Tensorflow is a robust machine learning library in Python (my go to language) that was recently bought by google. Tensorflow is relatively new, which meant I was on the bleeding edge of technology!!!11!1 However, this meant that things that were supposed to be reliable were actually buggy:

  • The source URL at one point had a typo in it.
  • The program seg faulted when I attempted to imported sklearn along with tensorflow.
  • There were functions that in the library that didn’t appear in the docs (wtf??).

A couple of versions of tensorflow were out there to use, the newest being 0.8, which the Cifar10 tutorial was written in. So naturally I wanted to use that one. Once I got the hang of using an EC2 image, which was moderately straightforward, I jumped into pip installing TF .8 onto a micro T2 instance, which is basically just a low power computer that Amazon gives out 750 free hours for when you sign up. It seemed to run to just fine. Woo! We’re rolling.

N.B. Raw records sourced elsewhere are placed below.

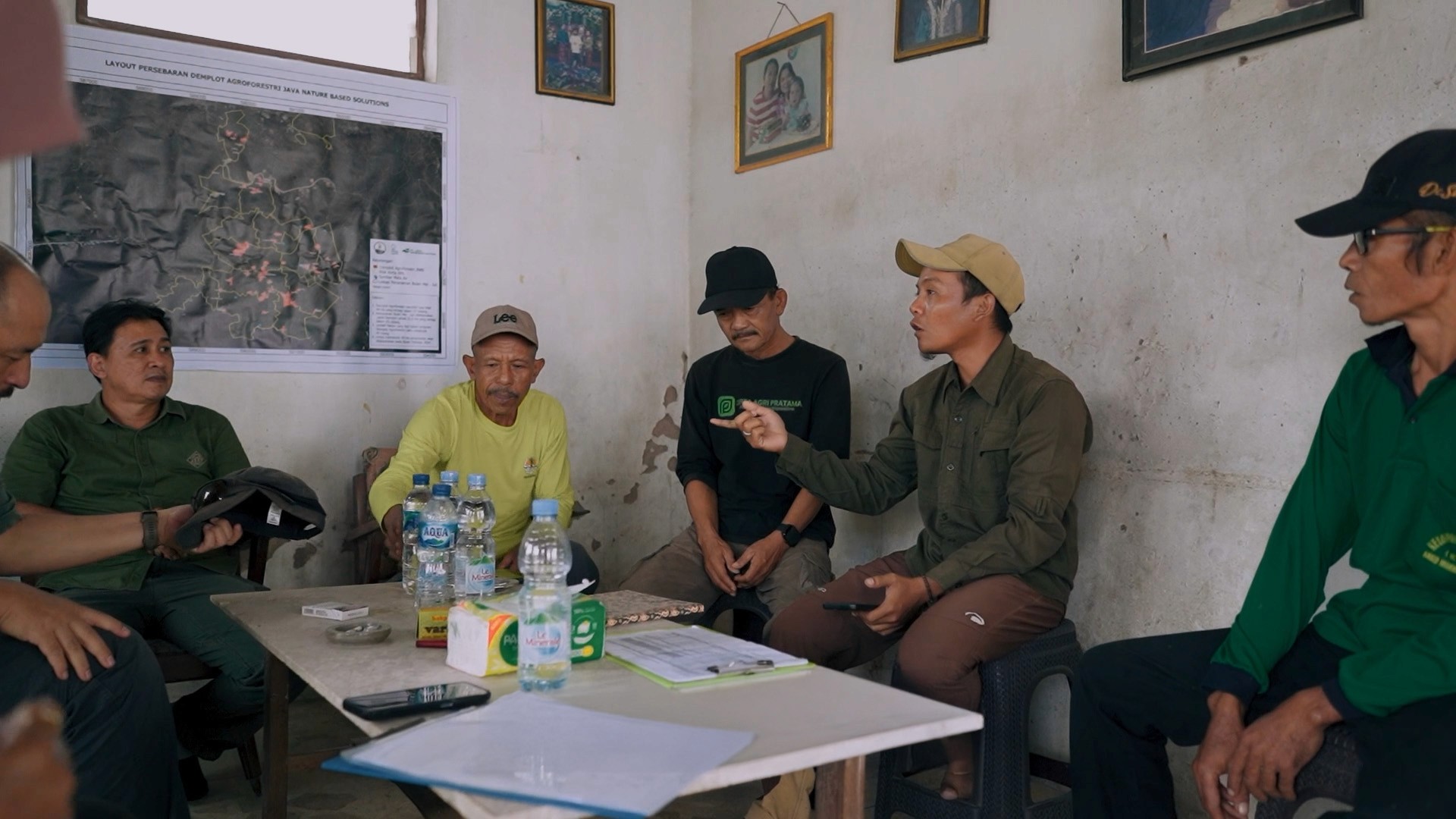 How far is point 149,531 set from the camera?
2426mm

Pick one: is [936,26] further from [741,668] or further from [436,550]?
[741,668]

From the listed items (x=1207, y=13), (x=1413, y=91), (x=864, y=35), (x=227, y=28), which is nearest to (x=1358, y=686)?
(x=1413, y=91)

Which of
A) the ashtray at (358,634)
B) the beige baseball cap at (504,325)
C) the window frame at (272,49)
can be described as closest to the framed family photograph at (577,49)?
the window frame at (272,49)

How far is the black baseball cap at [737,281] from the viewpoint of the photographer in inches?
127

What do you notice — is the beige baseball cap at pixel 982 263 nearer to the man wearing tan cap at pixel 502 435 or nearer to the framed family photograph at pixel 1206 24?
the framed family photograph at pixel 1206 24

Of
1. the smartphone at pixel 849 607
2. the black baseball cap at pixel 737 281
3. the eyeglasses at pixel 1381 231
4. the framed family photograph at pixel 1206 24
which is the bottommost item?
the smartphone at pixel 849 607

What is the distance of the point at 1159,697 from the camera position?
1978 mm

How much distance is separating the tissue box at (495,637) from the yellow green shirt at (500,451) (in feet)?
5.19

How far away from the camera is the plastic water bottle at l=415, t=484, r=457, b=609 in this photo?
7.80ft

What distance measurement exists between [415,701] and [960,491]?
1591 mm

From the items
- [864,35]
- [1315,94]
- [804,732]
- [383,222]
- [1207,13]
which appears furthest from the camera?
[383,222]

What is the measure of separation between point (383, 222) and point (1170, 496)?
9.50 feet

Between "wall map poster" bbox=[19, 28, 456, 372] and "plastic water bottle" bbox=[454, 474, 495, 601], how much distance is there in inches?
56.3

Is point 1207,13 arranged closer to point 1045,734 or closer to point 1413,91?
point 1413,91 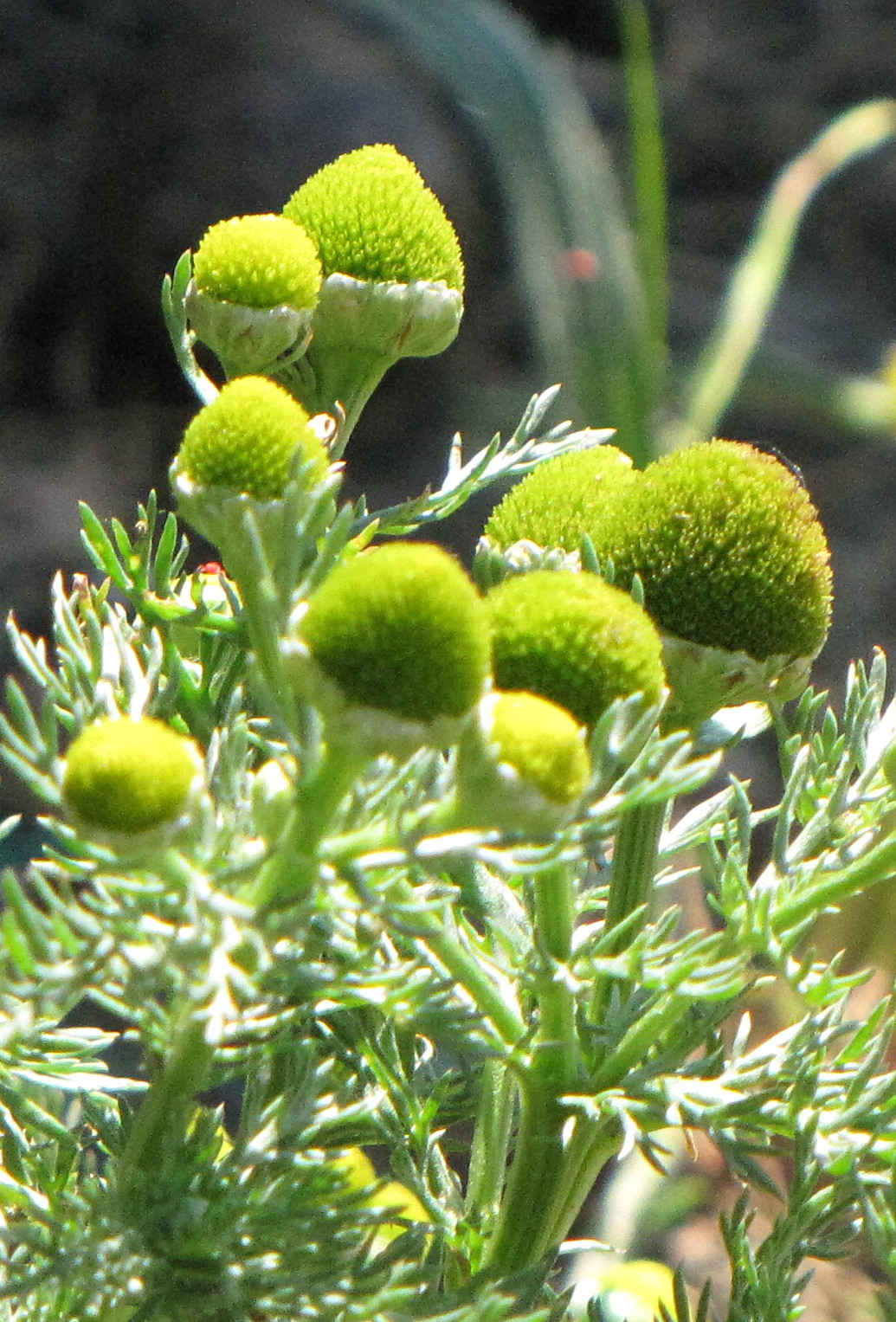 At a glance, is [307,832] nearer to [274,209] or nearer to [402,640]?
[402,640]

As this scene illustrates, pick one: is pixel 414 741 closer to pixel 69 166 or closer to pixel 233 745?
pixel 233 745

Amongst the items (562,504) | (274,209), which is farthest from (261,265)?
(274,209)

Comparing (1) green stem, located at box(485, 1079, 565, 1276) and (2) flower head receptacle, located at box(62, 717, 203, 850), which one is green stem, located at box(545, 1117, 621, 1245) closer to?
(1) green stem, located at box(485, 1079, 565, 1276)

Now, I wanted to run the GPU optimized code. Uh oh. Turned out, the Amazon GPU instances came with CUDA 6.5 preloaded. TF needed CUDA 7.0. So on I went attempting to update the CUDA and cuDNN drivers. After a day of failing to successfully install, I decided to surf the interwebs for other options (Note, I was able to successfully install at a later time, however, that was a bit later in the game and it took a bit of time to do all the installations). I started looking through message boards that had the same issues I was having and found this message board with everything needed for TF 0.7, running with Python3. Praise the lord for the person who made this public ami.

This made things easy, though I did lose a bit of functionality by using 0.7 instead of 0.8 (most notably the summary writer and a new batch normalization routine). Regardless I was finally able to run the tensorflow exmample.

WTF is a Tensor: Understanding execution in TensorFlow

Understanding how tensorflow worked was quite the adventure as well. To start off, go to debugging methods failed me here. Print statements on the variables just didn’t work. All I would get would be the size of the matrix I was printing and some message telling me it was a ‘Tensor’. As my buddy Jonathan Jao phrased it (and I’m paraphrasing), TF seemed like a restructuring of dataflow and data processing. After reading some of the docs (which I should have done first - PPPPP), I realized everything ran like a Data Driven Future, an elegant method of parallelization. Once you called a session on a variable, all the code needed for that variable would be ran. Within the session you would then get the variable of the type you expected, rather than a tensor.

Tensorflow also used a different way of saving models, opting to put all of the parameters into a checkpoint file stored in a designated folder (in the tutorial it’s ~/tmp/checkpoints or something of that sort), and then loading the checkpoint parameters into a model when loading for testing or resuming training. This differed from the the traditional pickling method I had used before. This initially threw me for a loop as a I scoure the code wondering where in the world the model was going to be saved once the training script had finished and I needed to run the test.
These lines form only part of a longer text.